Below are the entries. Print only the lines starting at the one with "İzmir 1982-1983 Meslek" and ending at the one with "gotonovo Exposed Bathroom", exactly, with no pictures.

=== Input ===

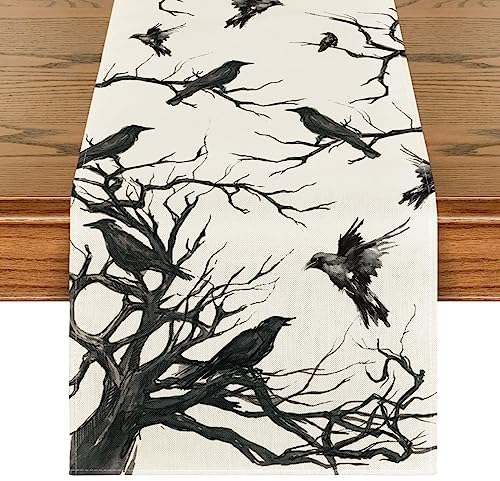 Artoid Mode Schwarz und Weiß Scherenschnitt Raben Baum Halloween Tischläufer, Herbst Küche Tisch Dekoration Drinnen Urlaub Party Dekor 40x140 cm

===
=== Input ===

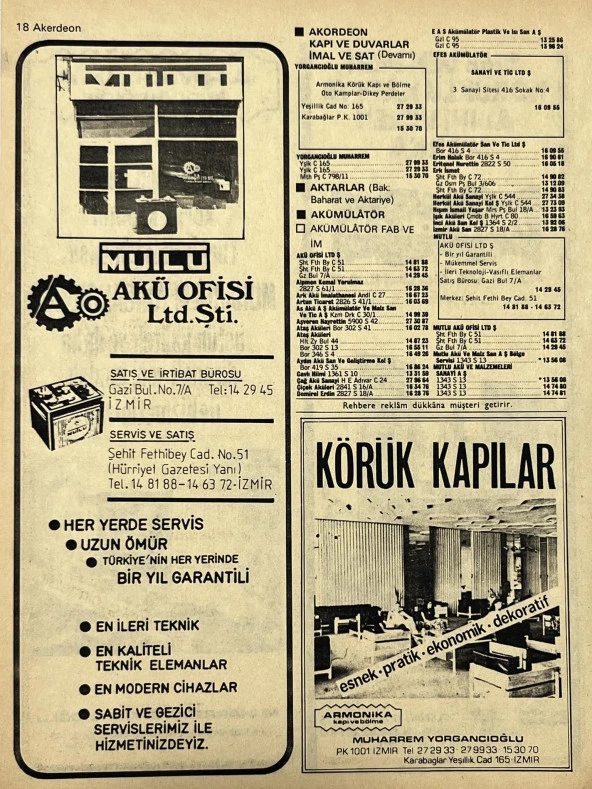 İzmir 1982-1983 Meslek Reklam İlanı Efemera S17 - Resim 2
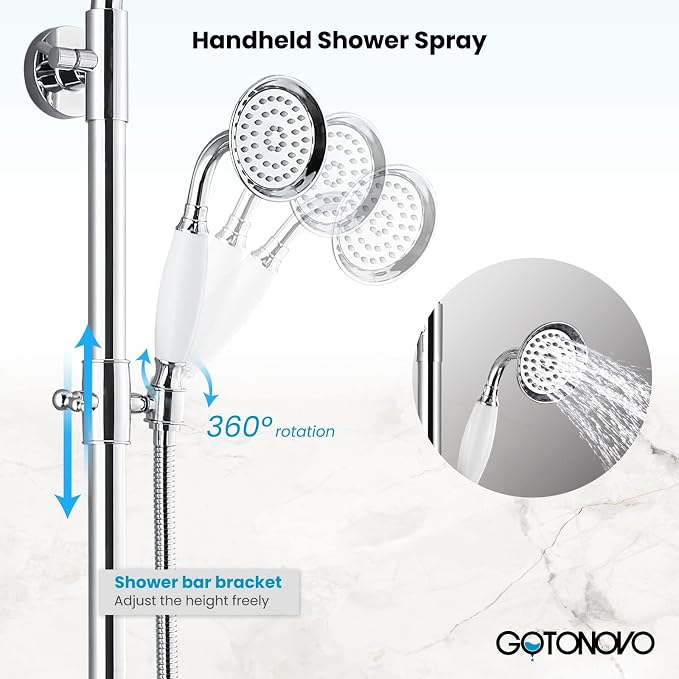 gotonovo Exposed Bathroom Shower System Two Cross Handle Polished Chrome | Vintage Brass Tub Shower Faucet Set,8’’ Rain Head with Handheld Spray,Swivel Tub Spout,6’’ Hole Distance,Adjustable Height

===
=== Input ===

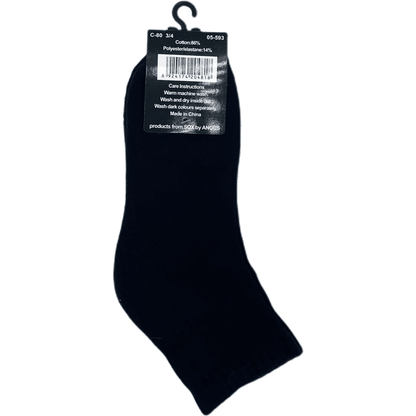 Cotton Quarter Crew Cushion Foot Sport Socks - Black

===

Exercise response –
 İzmir 1982-1983 Meslek Reklam İlanı Efemera S17 - Resim 2
 gotonovo Exposed Bathroom Shower System Two Cross Handle Polished Chrome | Vintage Brass Tub Shower Faucet Set,8’’ Rain Head with Handheld Spray,Swivel Tub Spout,6’’ Hole Distance,Adjustable Height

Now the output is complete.